Not everyone might have the technology, like a smart phone or access to 3G/internet to use Tootle whenever they need. Is this a problem for Tootle?

Yeah, it is a problem but it is also a huge opportunity! No one is using the app becomes a huge opportunity rather than a problem, as we can make more people use it and help drive their behavior. That is definitely more of an opportunity. Its like if a shoe seller goes into a place where no one is wearing shoes. For the shoe seller, that is more of a huge opportunity rather than a problem.

 

When a similar app has been launched in the past, like Uber, Lyft and Ola, it has been met with widespread scrutiny and criticism from the already existing systems of public transportation. With Tootle, has there been any such negative reactions from taxi, micro and bus drivers?

The thing is, we are not a transportation company. We are a platform that allows people to share rides, and possibly make an income through those rides. What’s the harm if someone wants to make money to pay for fuel by giving these rides or what’s the harm if someone even wants to make a livelihood out of it. During the time of the blockade, everyone was giving each other rides and this process of ride sharing occurred very naturally in our community.
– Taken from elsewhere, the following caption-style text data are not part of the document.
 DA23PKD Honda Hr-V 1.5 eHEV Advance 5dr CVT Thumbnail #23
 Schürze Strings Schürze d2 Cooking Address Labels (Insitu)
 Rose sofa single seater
And people were extremely happy about it, happy about the fact that Kathmanduities were coming together to help each other out. But we kind of don’t like it when people start making a little bit of money out of it, which is a shame! Everything we like changes into dislike when people make money out of it. In fact, the way I look at it, Tootle gives people who otherwise have a hard time getting employed and making friends a chance to do so!
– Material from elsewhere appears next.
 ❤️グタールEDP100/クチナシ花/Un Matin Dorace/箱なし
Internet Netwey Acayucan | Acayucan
In the coming future, what are some new features or technology users can expect from Tootle? What plans do you have for the expansion of the company?
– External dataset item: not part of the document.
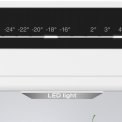 Bosch KGN39VXCT vrijstaande koelkast - blacksteel - nofrost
You cannot stop technology. Today or tomorrow, things are going to be replaced. The drivers are going to be replaced, most of our cognitive skills are going to be replaced. That is how the human race has progressed over the years. We are just a small participant on that larger tide of technology.

We actually have a lot of features people are not aware of. When you book a ride, you can actually see where exactly your rider is in real time and how fast he will be arriving at your location. Voice notification is enabled in all of this to make it easier for the user. Furthermore, you can send your location information to your family or friends so they can track you in real time and see what speed you are travelling in. We are working on launching a brand new interface which is going to be more intuitive. Currently, the booking process involves eight steps and we are going to bring that down to three steps with the launch of the new interface. We also have long term plans of expanding to other cities, Pokhara probably being sooner than other places.

And do you see a future of Tootle where you will also utilize cars for ridesharing through your app?

If the market is ready, definitely. It is actually much simpler using on cars than on motorbikes. It depends on the market.

Any final thoughts you would like to share with us?

Ideas do not breed entrepreneurship, a long term vision does. Tootle is about the “Freedom to Move”. That is our brand promise. Freedom is a fundamental human right, and we are here to deliver it to every doorstep and every citizen in this city.